Simplify Medical bags $21M for MRI-friendly spine implant

Simplify will use its new funding to propel a pair of U.S. pivotal trials for its nonmetal spine implant. (Michael Dorausch/CC BY-SA 2.0)

Simplify Medical, which is working on nonmetal spine implant technology, raised $21 million in series B funding to support two U.S. pivotal trials of its cervical artificial disc.

The investigational Simplify Disc has a ceramic core and two endplates made of a polymer called polyether ether ketone (PEEK). Designed to treat cervical degenerative disc disease, the device is in pivotal trials studying its use in one level of the spine and in two adjacent levels of the spine, according to a statement. Patients with the nonmetal implant can avoid radiation by undergoing magnetic resonance imaging (MRI) rather than computed tomography (CT) imaging.

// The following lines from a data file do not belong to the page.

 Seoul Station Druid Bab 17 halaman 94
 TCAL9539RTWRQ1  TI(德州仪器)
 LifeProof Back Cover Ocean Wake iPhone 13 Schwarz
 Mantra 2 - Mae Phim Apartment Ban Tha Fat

Cervical degenerative disc disease refers to the collapse or reduction in height of discs in the cervical spine. Bone spurs may also be present. The disease can cause neck pain, as well as tingling, numbness and pain in areas including the arms and hands. If nonsurgical pain management is insufficient, patients may be treated with spinal fusion.

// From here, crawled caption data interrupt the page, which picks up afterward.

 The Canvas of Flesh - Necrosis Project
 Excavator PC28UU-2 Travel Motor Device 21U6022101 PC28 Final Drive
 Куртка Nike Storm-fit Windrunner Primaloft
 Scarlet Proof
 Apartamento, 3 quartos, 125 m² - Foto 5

While spine surgeons typically use MRI to plan surgery, they often use CT imaging after the implant has been placed, Simplify said in the statement. This is because metal parts in some implants can show up on an MRI image. But CT scanning has its own downsides, such as exposing the patient to X-ray radiation, rather than the magnetic fields and radio frequency pulses used by an MRI.

“We are gratified by the confidence investors are showing in our Simplify Disc, which is designed to be clearly viewed on MRI without the artifact that can result from metal used in typical spine implants,” said Simplify CEO David Hovda. “By avoiding the radiation that would otherwise accompany a computed tomography (CT) scan, we intend to minimize patient exposure to unnecessary radiation risk.”

“Not only does the Simplify Disc avoid substantial radiation exposure, it also avoids metal wear that has been problematic for other orthopedic devices. In addition, it offers the lowest-profile device available, opening up a broader patient population for the technology,” said Fouad Azzam, general partner at Life Sciences Partners, which led the financing.